Table 8.4. Criteria for Causality
Figure 8.2.
figure 2

Relationships between Scriptal Dimensions and Reading as Cognitive Responses

5 Toward the Script Relativity Hypothesis

This chapter has reviewed the role of linguistic dimensions, including the operating principle, psycholinguistic grain size, graph configuration, symbolic representation, graph complexity, and multi-graph representation, in skillful reading in Chinese, Japanese, and Korean. Also reviewed are cross-linguistic influences of linguistic skills on reading in these three scripts as L1 and L2 in relation to English. Although minor inconsistencies exist in the findings of studies depending on scripts being reviewed, tasks and measures used in studies, participant characteristics, and the foci of studies, research findings generally and consistently come together on the notion that phonological and morphological processing is script-universal, while orthographic processing is script-specific.

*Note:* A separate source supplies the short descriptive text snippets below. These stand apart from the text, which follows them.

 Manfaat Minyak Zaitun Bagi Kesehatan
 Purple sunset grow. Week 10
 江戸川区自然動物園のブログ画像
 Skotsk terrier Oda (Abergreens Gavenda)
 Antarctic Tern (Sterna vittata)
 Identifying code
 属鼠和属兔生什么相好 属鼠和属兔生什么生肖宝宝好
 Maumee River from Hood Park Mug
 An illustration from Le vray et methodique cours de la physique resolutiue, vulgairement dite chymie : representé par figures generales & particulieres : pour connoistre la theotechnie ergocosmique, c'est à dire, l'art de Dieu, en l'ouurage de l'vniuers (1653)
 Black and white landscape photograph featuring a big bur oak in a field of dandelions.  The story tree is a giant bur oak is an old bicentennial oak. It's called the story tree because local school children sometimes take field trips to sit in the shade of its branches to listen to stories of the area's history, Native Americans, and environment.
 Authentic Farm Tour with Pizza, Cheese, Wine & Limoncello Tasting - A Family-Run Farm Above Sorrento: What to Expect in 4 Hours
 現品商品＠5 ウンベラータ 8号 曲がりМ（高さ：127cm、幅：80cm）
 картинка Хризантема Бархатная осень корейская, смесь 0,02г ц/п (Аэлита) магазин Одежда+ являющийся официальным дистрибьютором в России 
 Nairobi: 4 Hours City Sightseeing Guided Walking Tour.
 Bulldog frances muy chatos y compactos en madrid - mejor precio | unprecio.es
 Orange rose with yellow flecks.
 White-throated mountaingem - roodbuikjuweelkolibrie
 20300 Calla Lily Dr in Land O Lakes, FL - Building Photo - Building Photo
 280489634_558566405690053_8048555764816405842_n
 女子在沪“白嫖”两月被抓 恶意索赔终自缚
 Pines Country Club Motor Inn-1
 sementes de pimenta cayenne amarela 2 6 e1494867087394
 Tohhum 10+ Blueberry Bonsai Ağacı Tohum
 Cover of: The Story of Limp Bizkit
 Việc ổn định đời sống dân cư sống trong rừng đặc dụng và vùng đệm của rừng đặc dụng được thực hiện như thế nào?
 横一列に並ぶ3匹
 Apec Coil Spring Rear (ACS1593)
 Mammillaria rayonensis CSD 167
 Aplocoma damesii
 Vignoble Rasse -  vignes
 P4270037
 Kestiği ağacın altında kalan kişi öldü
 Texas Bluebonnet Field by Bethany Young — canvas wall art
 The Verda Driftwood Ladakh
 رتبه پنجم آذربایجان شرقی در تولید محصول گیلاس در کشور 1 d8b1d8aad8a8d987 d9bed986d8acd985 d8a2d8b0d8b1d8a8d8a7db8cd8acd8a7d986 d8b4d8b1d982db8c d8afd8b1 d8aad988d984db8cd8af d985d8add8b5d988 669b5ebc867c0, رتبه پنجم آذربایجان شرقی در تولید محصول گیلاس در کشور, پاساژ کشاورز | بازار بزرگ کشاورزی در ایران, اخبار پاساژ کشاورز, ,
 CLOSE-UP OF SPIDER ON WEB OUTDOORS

Reading begins with word identification, and word identities are characterized by the three interlinking constituents of orthography, phonology, and morphology. The universal features of reading center around the role of these three constituents involved in word recognition, although the degree to which they involve varies according to the script being read because reading is built upon the language system. This view points to the language constraint on writing systems that claims that writing systems encode spoken language (Perfetti, 2003). One example of spoken language constraints on reading comes from Korean speakers’ tendency of the subsyllabic segmentation into body-coda units with the insertion of an epenthetic vowel to the coda unit, which is different from English speakers’ tendency to segment syllables into onset-rime structures. This illustrates how linguistic features affect reading. The example also demonstrates that “… word reading activates phonology at the lowest level of language allowed by the writing system”, which implicates the universal phonological principle (Perfetti & Liu, 2005, p. 194).

Reading is also dependent upon the visual orthographic configuration (i.e., script). Within the constraints of reading universality, differences occur as a function of graphic codes illustrated under the graphotactic rules within the writing system. Although Chinese, Japanese, and Korean scripts share visual similarities that are closer to one another than to English, research results show differences in reading among these three scripts especially for the orthographic processing of Korean Hangul. This suggests that the functionality of orthographic features is script specific. This also suggests that script can be the source of the differences found in reading processes and behaviors.

In essence, since writing systems reflect and fulfill the linguistic demands of spoken languages, reading accommodates the demand of both spoken language and written language. Evidence of psycholinguistic research reviewed in this chapter accords with the concepts of the universal grammar of reading, comprising the linguistic constraint hypothesis and the universal phonological principle, as well as the system accommodation hypothesis (Perfetti, 2003; Perfetti & Liu, 2005). All these models and hypotheses are closely related to script relativity in that the main findings of dominant precursors of fluent reading and cross-linguistic influences point toward both unity and variability of information processing depending on script differences.

In a similar vein, Wolf (2007) asserts that readers develop different cognitive structures and mechanisms in response to the script in which they read over time. As discussed in Chapter 1, Logan (2004) also claim that alphabetic reading and Chinese character reading result in significant differences in readers’ thought patterns, reasoning, values, and problem solving. Given the differences among the four writing systems, it can be surmised that readers of Chinese, Japanese, Korean, and English demonstrate different cognitive mechanisms, which, in turn, escalate the difference between the East and the West on the global level.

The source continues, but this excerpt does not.